I’m not saying that you cannot be successful in selling PLM or any other initiative without a cause. I’m saying it will be a whole lot easier if there is a just cause to link your initiative to. Does this mean you do not need to identify the ROI? Sure you still need to do this, but there is a way to do this using a structural approach.
Identifying and quantifying benefits
Based on requirements and the link to the just cause define your list of required capabilities in terms of People, Process, Data and Tools. Not just one big capability, but small incremental achievable steps towards a vision that is linked to the purpose of the company.
Then identify the potential benefits using a value driver tree. A value driver tree is unique to a company as it starts with the just cause and values of a company as the value drivers and branches via opportunities and strategies to business initiatives that can be measured e.g. ‘Increase product modularity’ or ‘Improve Early Discovery of Design Conflicts’.
Each capability is assessed against the value driver tree to identify the business initiatives/improvements it can be linked to. When these potential benefits are identified you organise interview sessions with relevant stakeholders to verify if the potential benefits are recognised and if you can translate it into value. This value needs to be described not only in money but also in qualitative benefits like employee satisfaction.

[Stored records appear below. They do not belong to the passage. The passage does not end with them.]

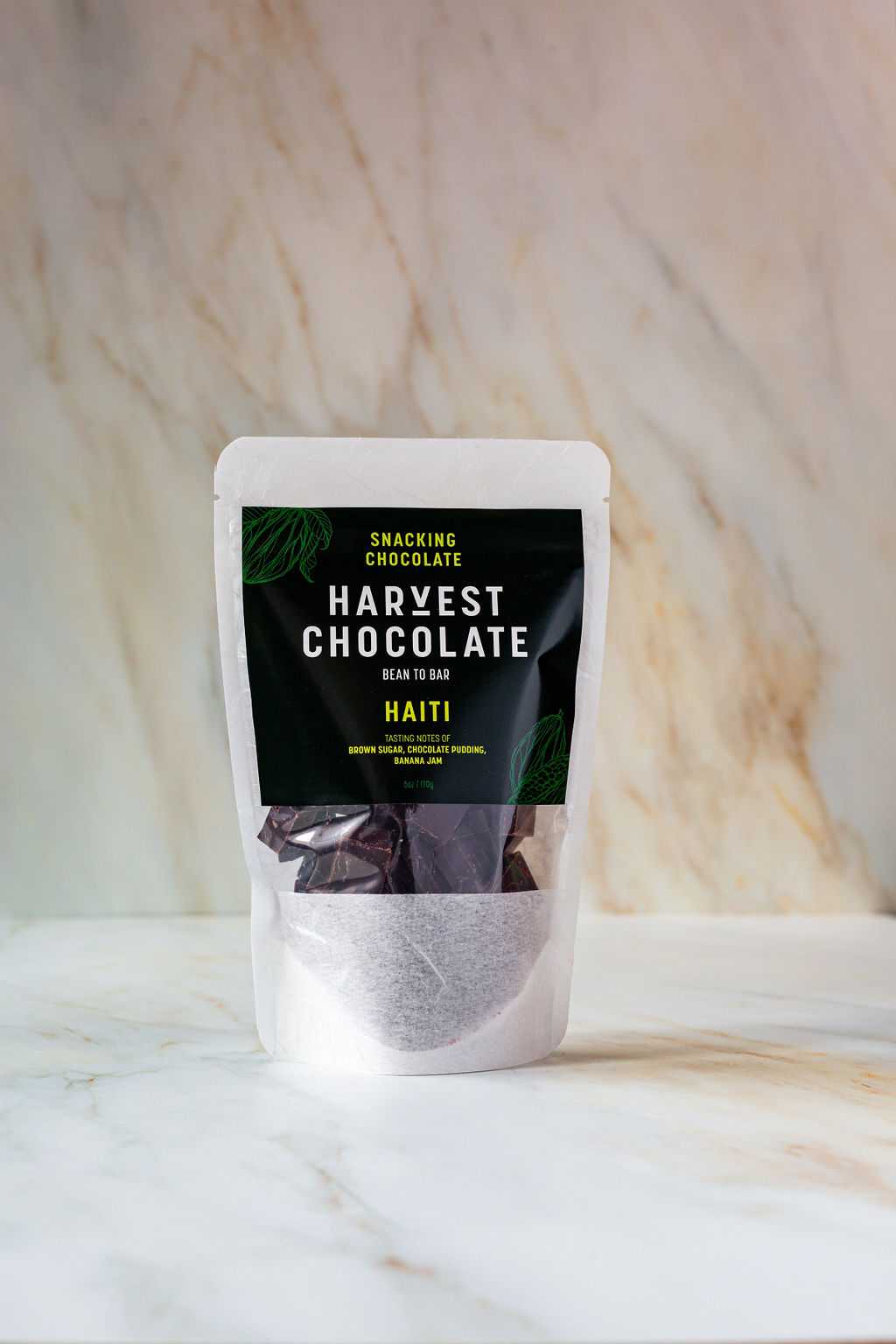 A white, resealable pouch with a black label displaying the text "Haiti Snacking Chocolate - Harvest Chocolate" rests on a light marble surface. The pouch contains organic dark chocolate pieces visible through a small transparent window at the bottom.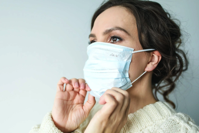 Woman in White Face Mask Free Stock Photo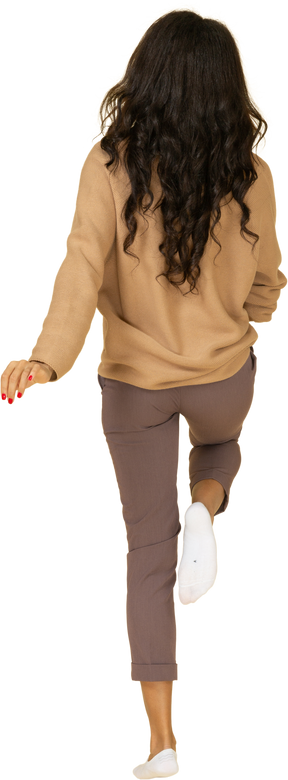Vista posteriore di una giovane femmina dalla pelle scura in marcia alzando la gamba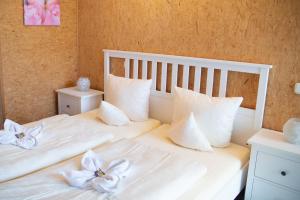 a white bed with a white comforter and pillows at Hotel Vicinity in Neubrücke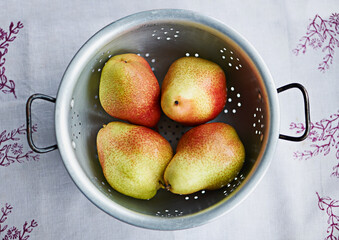 Food, fruits or bowl of pears in kitchen for fiber, organic or balanced diet for nutrition, meal or vitamin c. Background, above and healthy natural ingredients for vitamins, fresh or raw produce
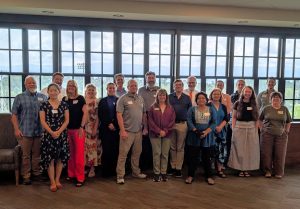 Representatives of higher education institutions in the Appalachian Undergraduate Research Alliance gather for a photo during their recent meeting at Tusculum.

With this information you can define a roadmap of capabilities based on functional/technical dependencies and on business priorities and value the capability will provide.
Now you have input that can help sell any capability or have insight to discard it when there is no business case to make. Which allows you to focus on the things that help to move towards the cause of the company.
Showing proof of value
I do agree with Oleg Shilovitsky that you need to show the value as soon as you can, nowadays with cloud solutions this can be easily achieved as some vendors offer this. When this is not possible you could opt for a proof of concept type approach to validate the chosen solution or compare multiple solutions.
Oleg also compares the PLM Myth to communism in PLM Myths and Business Reality:
“PLM Myths packaging reminded me of communism – a theory that packaged a very inefficient economic organization as a bright future for all people. The Soviet Union is the best example – the country that supposed to demonstrate the business case or centralized planning but failed miserably. PLM sold as a myth will fast become PLM communism.”
This comparison is one I can’t make, as communism is not a just cause hence does not qualify in this context. Though I do agree that the vision for the initiative should not be based on a fake or finite cause or be based on selling PLM, but on selling a business initiative that contributes towards the just cause of the company.
It is not just about the ROI or the business case in terms of money, it is not only about a vision, a story to sell the initiative and it is not only about showing the value. The ROI of doing the right thing is a combination of the vision and story linked to a just cause, the business case in both qualitative and quantitative cost and benefits for each capability and about showing proof of the value.